I got to have a lot of creative control and wrote every single card’s creative brief, for example:
Quote:
Card 9 – Red Wednesday Riots — The Red Wednesday Riots were the single bloodiest night of public unrest during the whole rebellion. Street battles between protestors and security forces became deadly. The foreground of this card should show a protestor on the ground, defenseless, as a security officer’s boot comes down on their head. In the background, similar acts of violence and chaos should appear. (indoors/subterranean)
Sketch
I would then get back a sketch on which I could provide feedback before getting the final art later.
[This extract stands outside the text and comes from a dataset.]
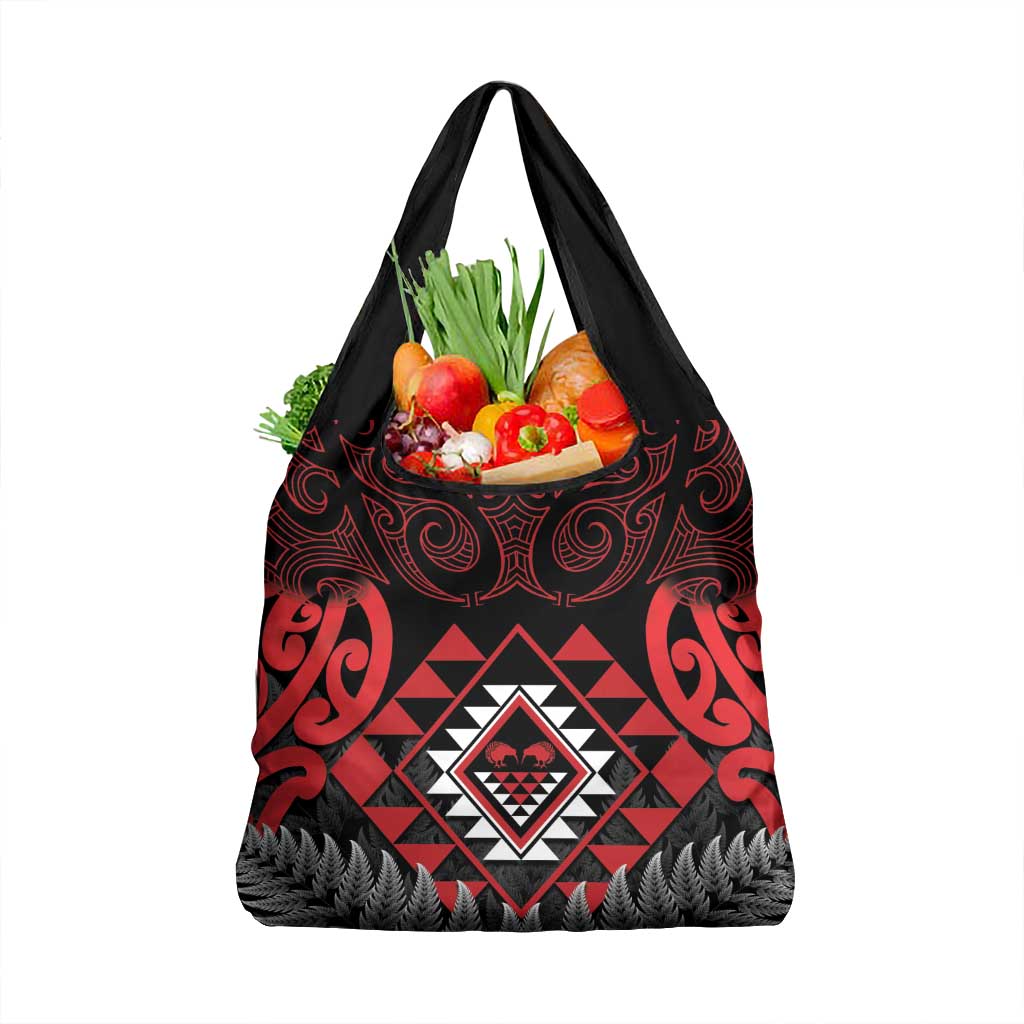 Aotearoa Kiwi Taniko Grocery Bag Silver Fern With Maori Koru Pattern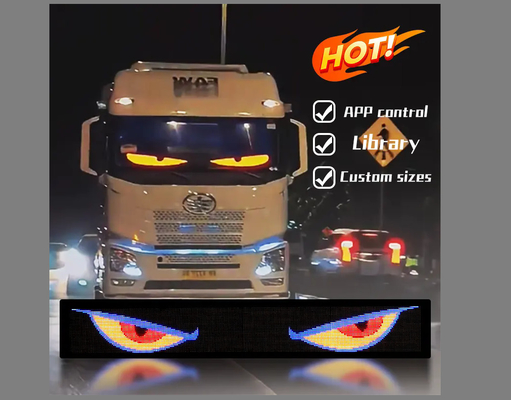 Truck Devil Eye LED Screen Car Light Truck Dynamic LED Light Smart Car Sticker Programmabile pannello a LED per parabrezza camion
I rarely had to give much feedback as Marcos seemed to take my words and get them right the first time. It was a truly remarkable experience to work with an artist like this and see your vision of a world come to life.
Final art
The Long Wait
Red Dust Rebellion was approved to go ahead on the GMT P500 in 2020, and it’s finally going to come out in 2024. Covid definitely got in our way, but a huge part of these delays was an effort by me and the team at GMT Games to get the game right, to get it polished and perfected as much as we could. The game had strong bones and core concepts from day one, but it took a huge collaborative process involving passionate and skilled people at all stages in the game’s development to make it what it is today.
As the designer, I held the overall vision for the design and the world in my head at all times, but it took a literal army of testers, developers, artists, and others to make that vision a reality. All I can hope is that people enjoy the game half as much as I enjoyed designing it.